The tour de force began with the stainless-steel fermented 2011 St.Supery Estate Sauvignon Blanc grown on its Dollarhide property. The glass was not even halfway between the table and my nose when I caught the scent of grapefruit, lime and gooseberries billowing from it. Intense citrus fruit flavors exploded on my palate with vibrant acidity, and the length seemed to stretch to New Zealand, where sauvignon blanc’s citrus character reaches its pinnacle.
We progressed to the 2011 Dollarhide Estate Vineyard Sauvignon Blanc, in which 9 percent of the grapes were fermented and aged for seven months in new French oak barrels. This added element gives the Dollarhide Estate Vineyard Sauvignon Blanc a slight vanilla accent to the robust grapefruit and lime aromas. The wine is bigger in the mouth, and a passion fruit flavor mixed with the pungent grapefruit and lime tastes. Wine drinkers who find the New Zealand style of the first sauvignon blanc too aggressive might be pleased with this slightly more tame version.

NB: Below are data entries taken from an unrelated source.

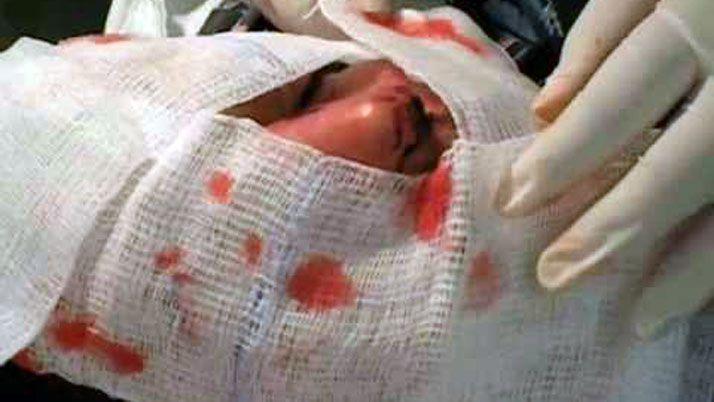 Brutal- tras discutir con su tiacuteo le fracturoacute el tabique de una trompada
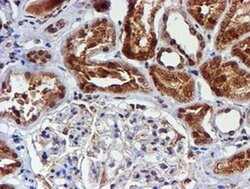 Invitrogen CYP17A1 Monoclonal Antibody (OTI3F11) 100 &mu;L; Unconjugated:Antibodies,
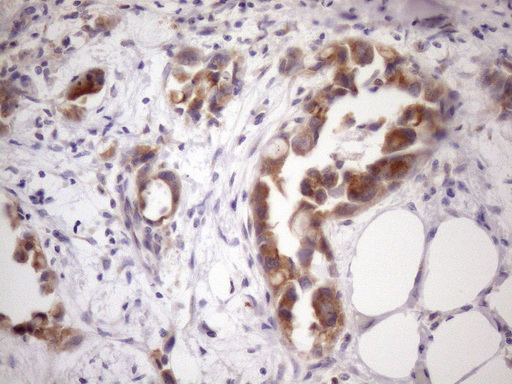 SSX2IP Antibody - Immunohistochemical staining of paraffin-embedded Adenocarcinoma of Human endometrium tissue using anti-SSX2IP mouse monoclonal antibody. (Heat-induced epitope retrieval by 1mM EDTA in 10mM Tris buffer. (pH8.5) at 120 oC for 3 min. (1:150)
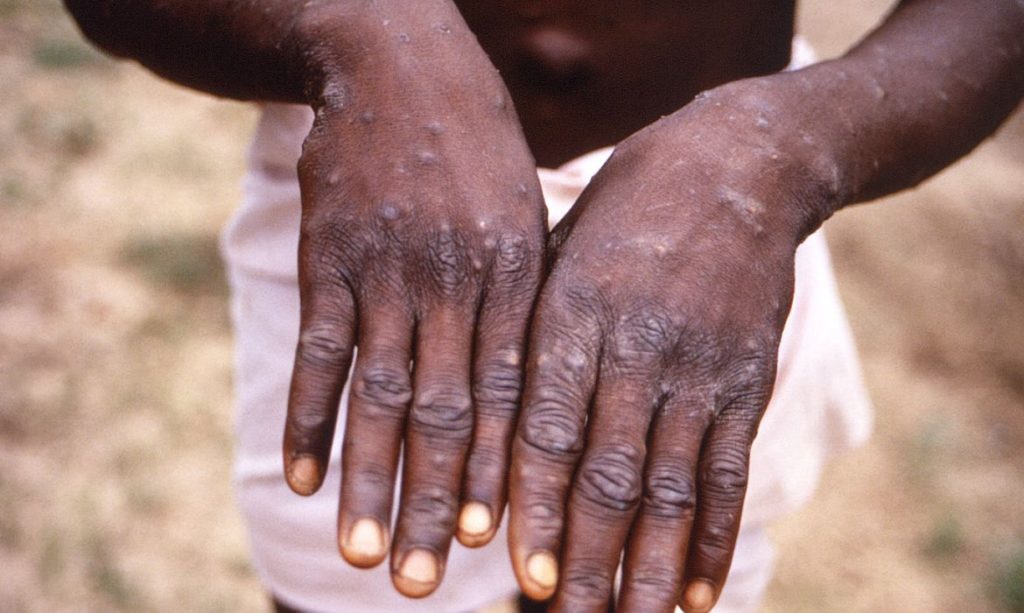 Moradora de Dionísio Cerqueira está internada com suspeita de Monkeypox
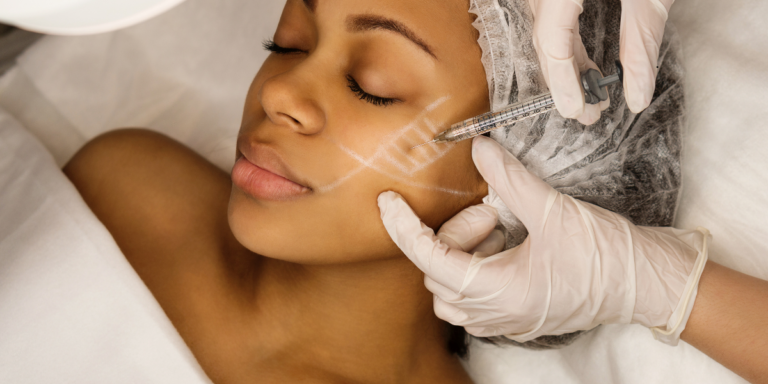 How Sculptra Works in the Skin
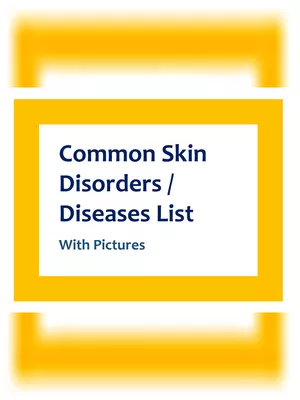 Skin Diseases List with Pictures
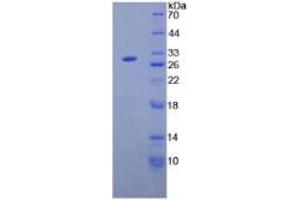 SDS-PAGE of Protein Standard from the Kit (Highly purified E. (ANGPTL2 ELISA Kit)
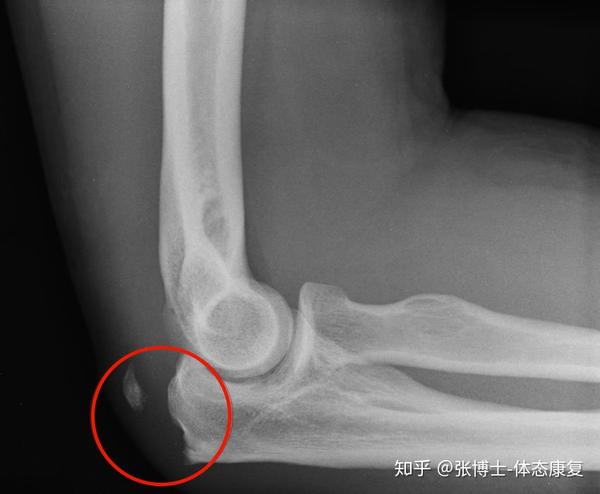 运动康复科普 肘关节损伤的常见类型与急性处理方法 知乎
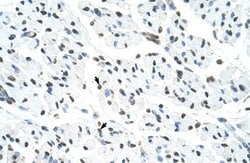 Invitrogen MATR3 Polyclonal Antibody 100 μL; Unconjugated:Antibodies,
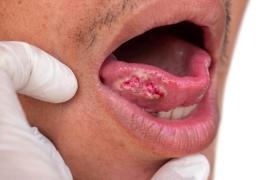 Cancer de la bouche : siroter même un seul verre de cette boisson par jour accroît le risque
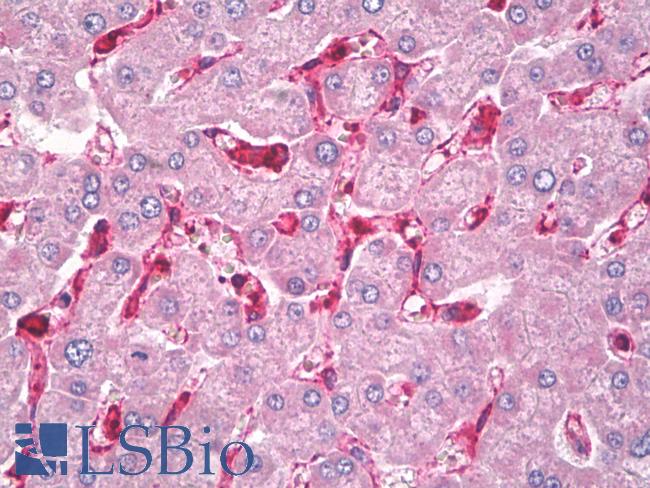 CXCL11 Antibody - Anti-CXCL11 antibody IHC of human liver, Kupffer cells. Immunohistochemistry of formalin-fixed, paraffin-embedded tissue after heat-induced antigen retrieval. Antibody dilution 5 ug/ml.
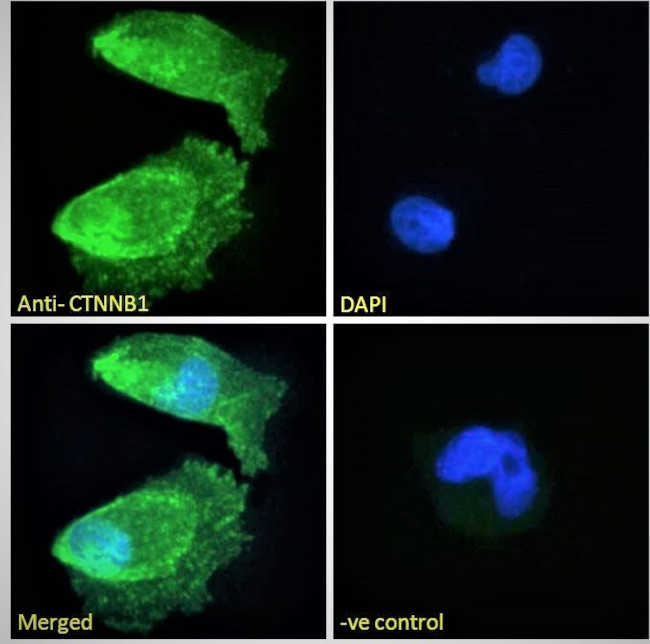 beta Catenin Antibody in Immunocytochemistry (ICC/IF)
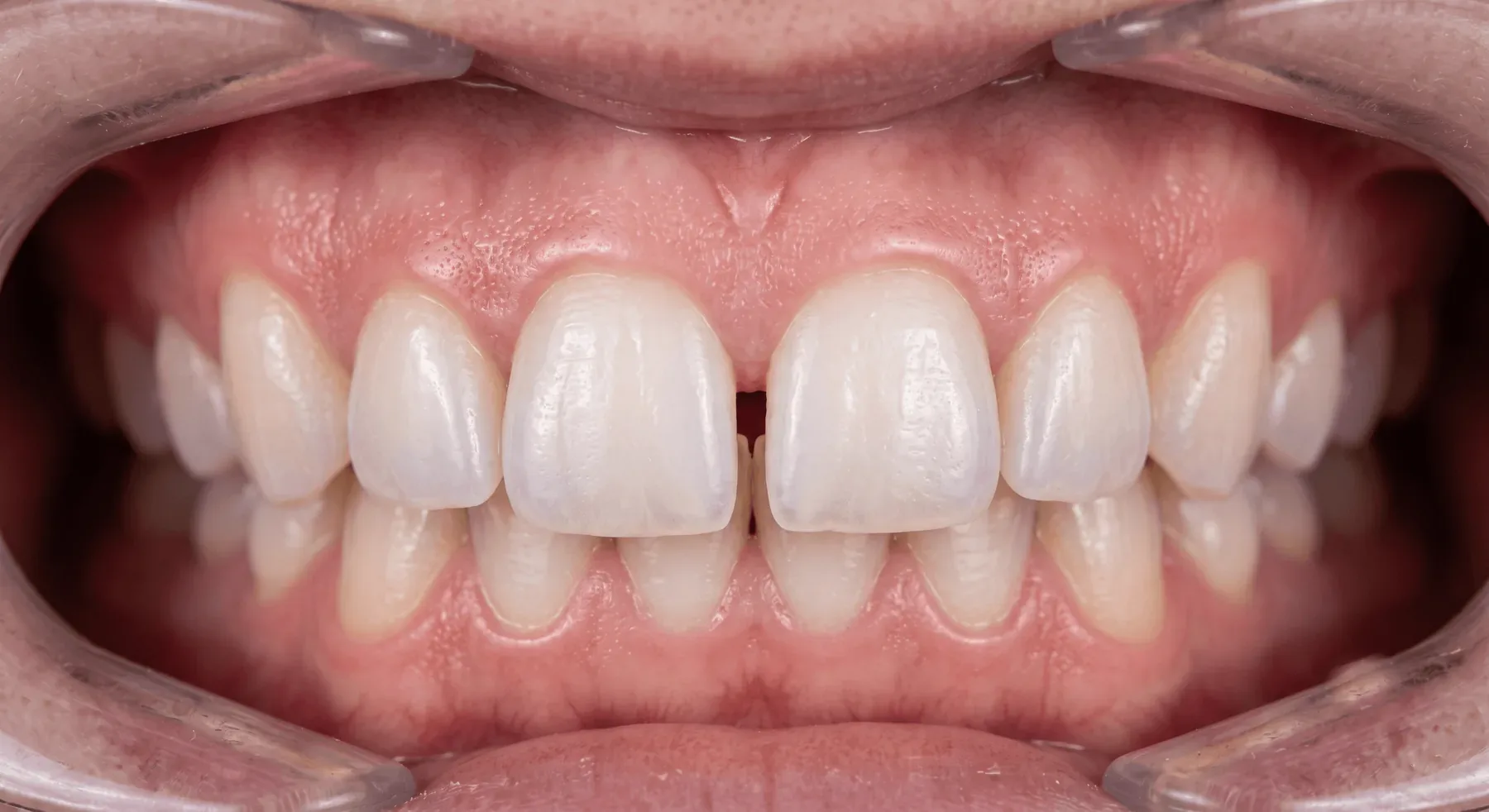 Treatment result before treatment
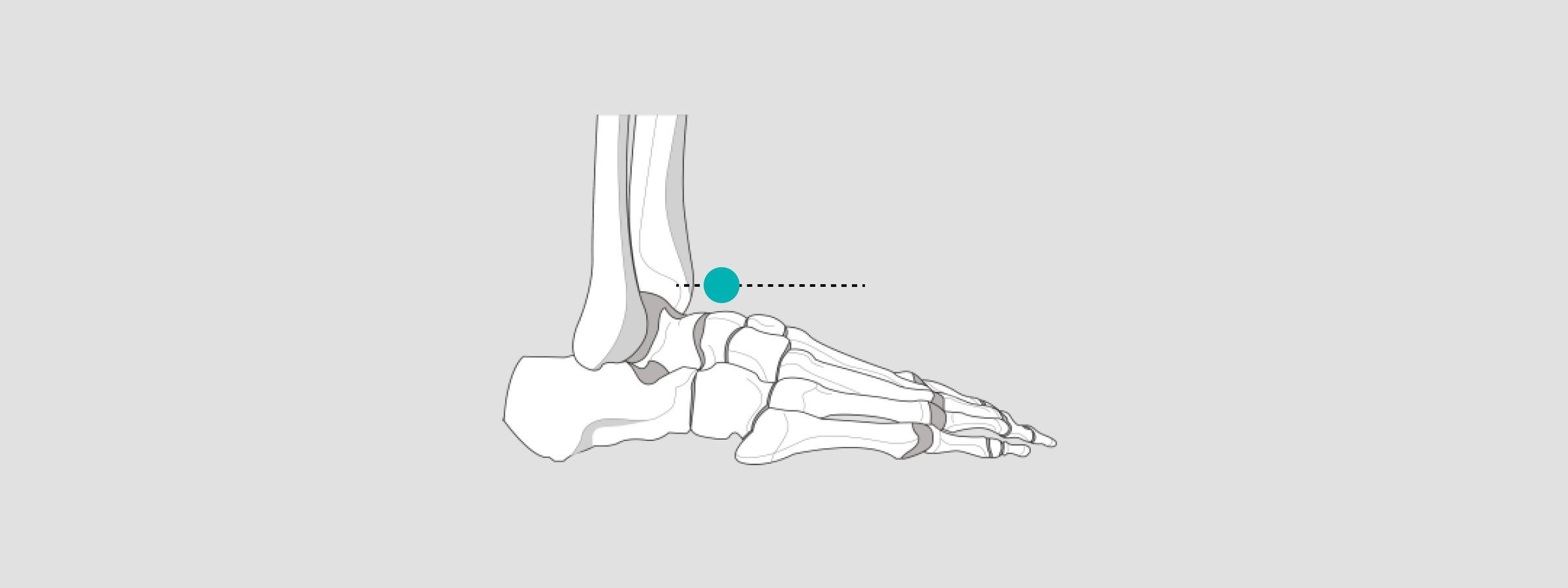 calibrate x-ray ankle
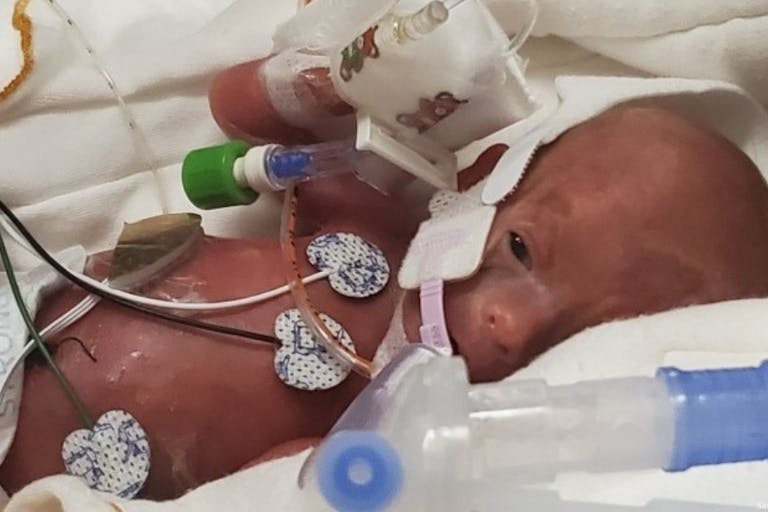 micro-preemie, premature
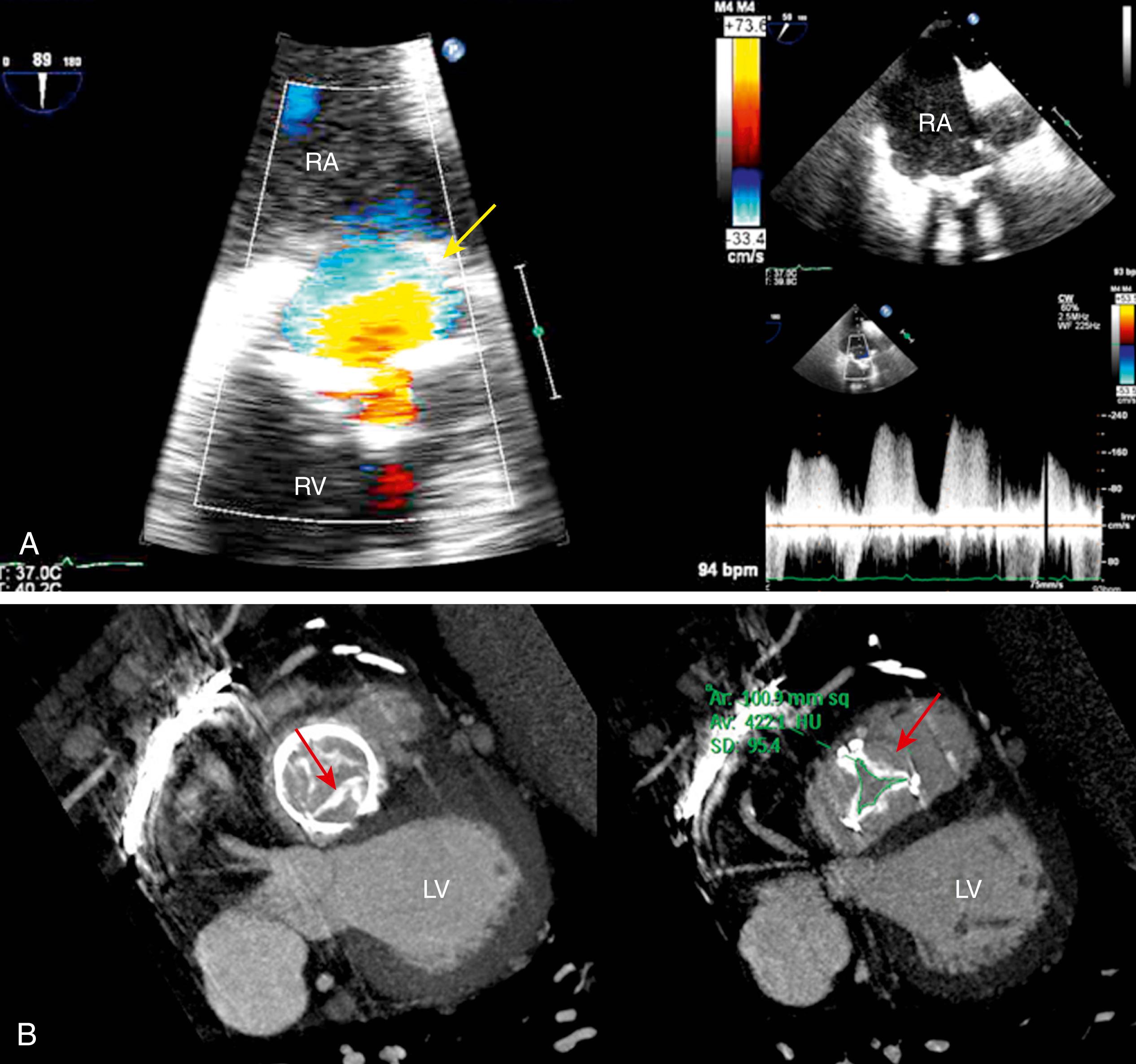 Figure 113.3, Transesophageal echocardiography images from a 40-year-old woman with severe prosthetic valve stenosis. A, The bioprosthetic tricuspid valve has severe calcification with stenosis, and color-flow mapping shows a prominent proximal isovelocity surface area (PISA) region (yellow arrow) caused by severe stenosis. B, The valve is imaged on multidetector computed tomography, which reveals the presence of degenerative and highly calcified leaflets in a short-axis view of the valve, with the anatomic area (red arrow) planimetered at 1.01 cm 2 . LV, Left ventricle; RA, right atrium; RV, right ventricle. (See accompanying Video 113.3 .)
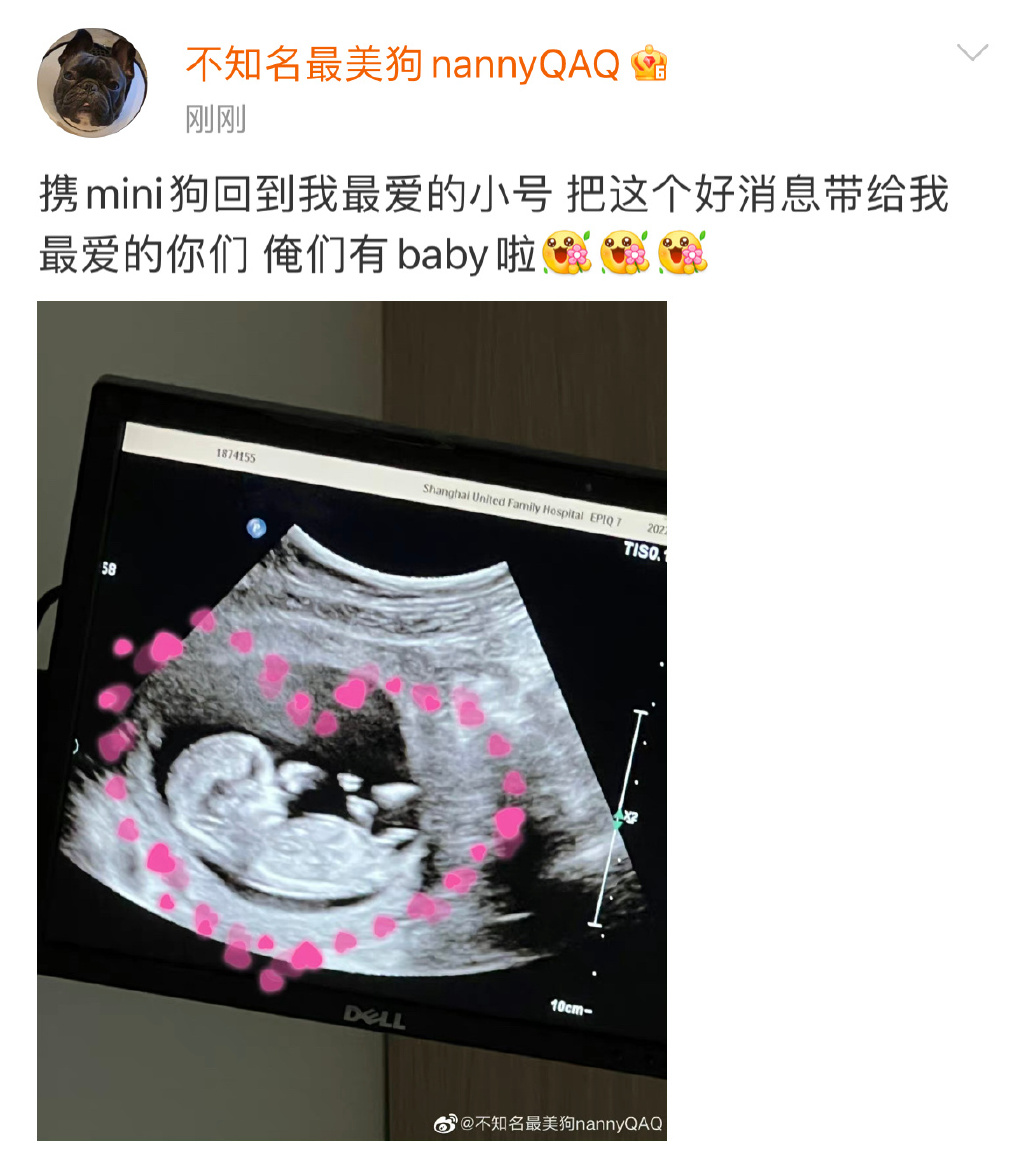 Uzi女友婷婷发博：俺们有Baby啦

The third white wine was the2011 St.Supery Estate Virtu, which is a Bordeaux-style blend of 60 percent semillon and 40 percent sauvignon blanc. All of it is from the Dollarhide Estate vineyard and fermented and aged in new and used French oak barrels for seven months. Normally, sauvignon blanc’s citrus character would be erased from the combination of the blend and the extensive use of the French oak barrels, but this was not the case. Softer fruit aromas of melon mingled with the lime and lemon scents, and a supple texture was present. Rich passion fruit, guava and citrus flavors were supported with an acidity that was lively despite the winemaking attempt to mute it.
It was clear that St.Supery’s Dollarhide Vineyard produces a uniquely flavored and structured sauvignon blanc that can sing its song loud and clear or lower its tone, giving lovers of sauvignon blanc a repertoire of hits to chose from.
I decided to go back and forth between all three with tuna tartare and a perfectly cooked chicken breast with mushrooms and a fresh pea risotto.
The 2011 Estate Napa Valley retails for about $17; the 2011 Dollarhide Estate Vineyard for $33; and the 2011 Estate Virtu $27, respectively.